# Directions:
In the copy, leave out the pictures and repeat all records exactly.

┄┄┄┄┄┄┄┄┄┄

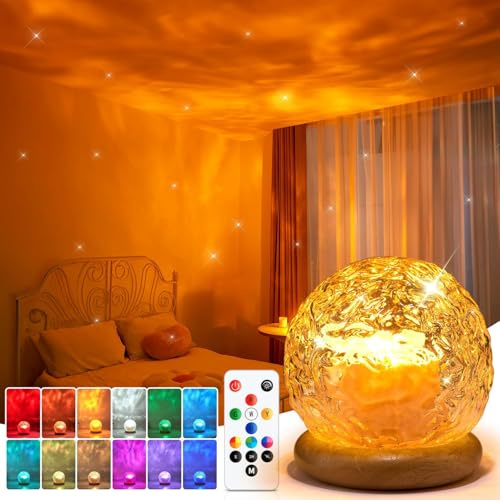 LED Deko Lampe Nachttischlampe Sternenhimmel Projektor Geschenke für frauen | 16 RGB Farben, Aurora, Fernbedienung, Timer, Tischlampe, Schlafzimmer Deko, Wohnzimmer, Geschenk für alle
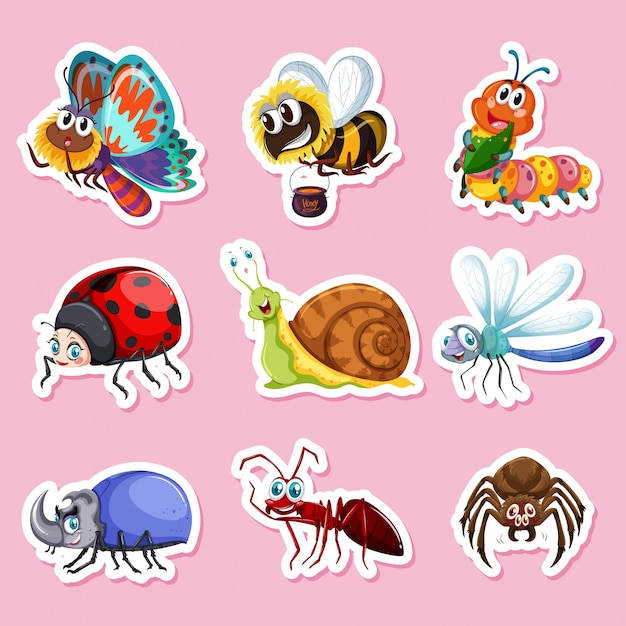 Sticker designs for different bugs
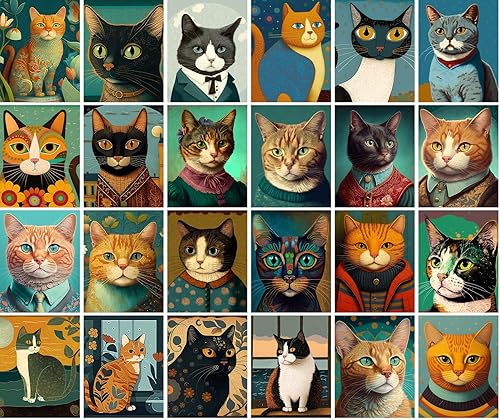 Miniatura 6 de PIXILUV Postales vintage (24 piezas de 4 x 6 pulgadas cada una) Retratos de gatos Van Gogh Noche estrellada Postales vintage Postales de libros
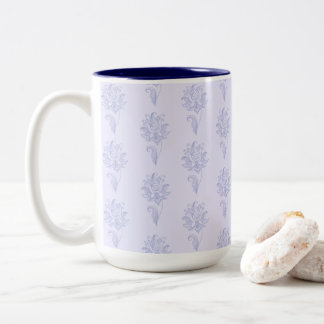 Tasse 2 Couleurs Light Blue Outlined Floral Pattern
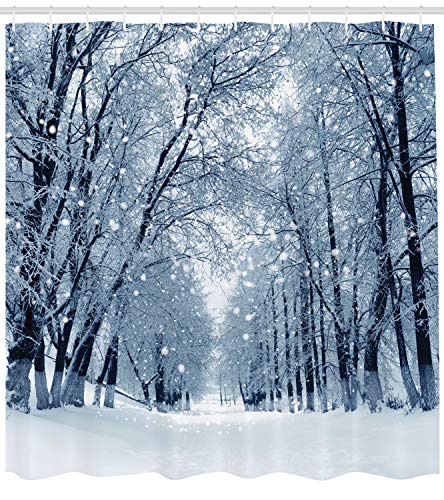 ABAKUHAUS Bosque Cortina de Baño, La Vida Silvestre de los árboles Nevado, Material Resistente al Agua Durable Estampa Digital, 175 x 200 cm, Blanco Gris Negro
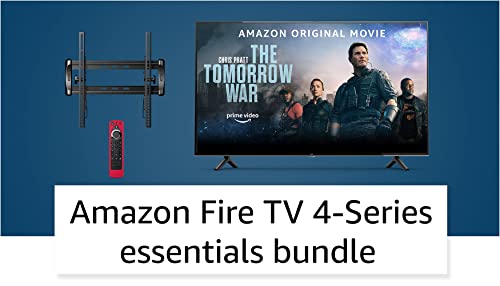 Amazon Fire TV 50" 4-Series 4K UHD smart TV bundle with Universal Tilting Wall Mount and Red Remote Cover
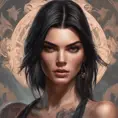 Matte portrait of Kendall Jenner with tattoos, 8k, Highly Detailed, Powerful, Alluring, Artstation, Magical, Digital Painting, Photo Realistic, Sharp Focus, Volumetric Lighting, Concept Art by Stanley Artgerm Lau, Alphonse Mucha, Greg Rutkowski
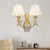 2-Light Wall Sconce Lighting with Bell Shade Ribbed Glass Nordic Living Room Wall Mounted Light Fixture in Gold Gold Clearhalo 'Modern wall lights' 'Modern' 'Wall Lamps & Sconces' 'Wall Lights' Lighting' 915933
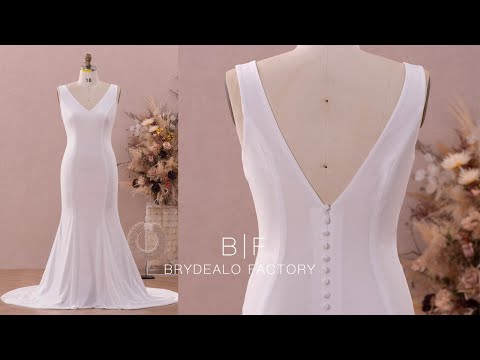 Simple Jersey Sleeveless Mermaid Sweep Train Wholesale Bridal Dress for wholesale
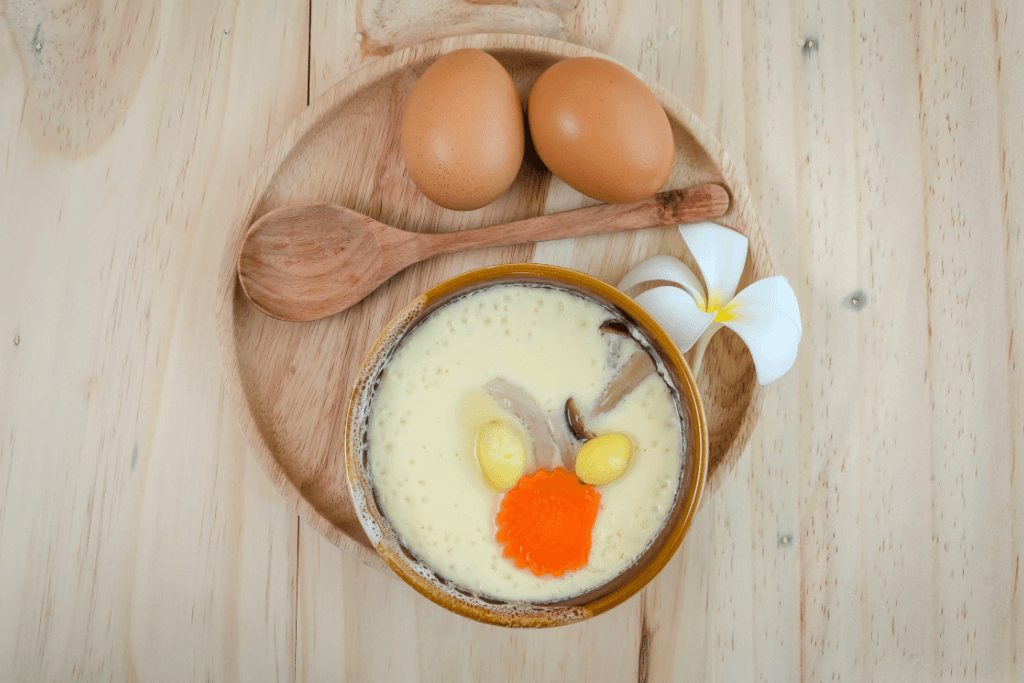 A bowl of chawanmushi with eggs.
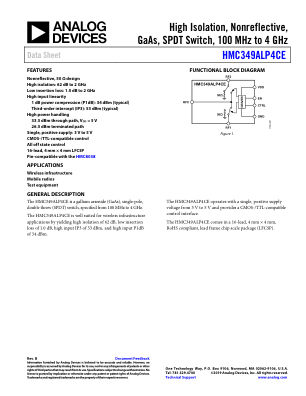 HMC349ALP4CE datasheet cover page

┄┄┄┄┄┄┄┄┄┄

# Written response:
 LED Deko Lampe Nachttischlampe Sternenhimmel Projektor Geschenke für frauen | 16 RGB Farben, Aurora, Fernbedienung, Timer, Tischlampe, Schlafzimmer Deko, Wohnzimmer, Geschenk für alle
 Sticker designs for different bugs
 Miniatura 6 de PIXILUV Postales vintage (24 piezas de 4 x 6 pulgadas cada una) Retratos de gatos Van Gogh Noche estrellada Postales vintage Postales de libros
 Tasse 2 Couleurs Light Blue Outlined Floral Pattern
 ABAKUHAUS Bosque Cortina de Baño, La Vida Silvestre de los árboles Nevado, Material Resistente al Agua Durable Estampa Digital, 175 x 200 cm, Blanco Gris Negro
 Amazon Fire TV 50" 4-Series 4K UHD smart TV bundle with Universal Tilting Wall Mount and Red Remote Cover
 Matte portrait of Kendall Jenner with tattoos, 8k, Highly Detailed, Powerful, Alluring, Artstation, Magical, Digital Painting, Photo Realistic, Sharp Focus, Volumetric Lighting, Concept Art by Stanley Artgerm Lau, Alphonse Mucha, Greg Rutkowski
 2-Light Wall Sconce Lighting with Bell Shade Ribbed Glass Nordic Living Room Wall Mounted Light Fixture in Gold Gold Clearhalo 'Modern wall lights' 'Modern' 'Wall Lamps & Sconces' 'Wall Lights' Lighting' 915933
 Simple Jersey Sleeveless Mermaid Sweep Train Wholesale Bridal Dress for wholesale
 A bowl of chawanmushi with eggs.
 HMC349ALP4CE datasheet cover page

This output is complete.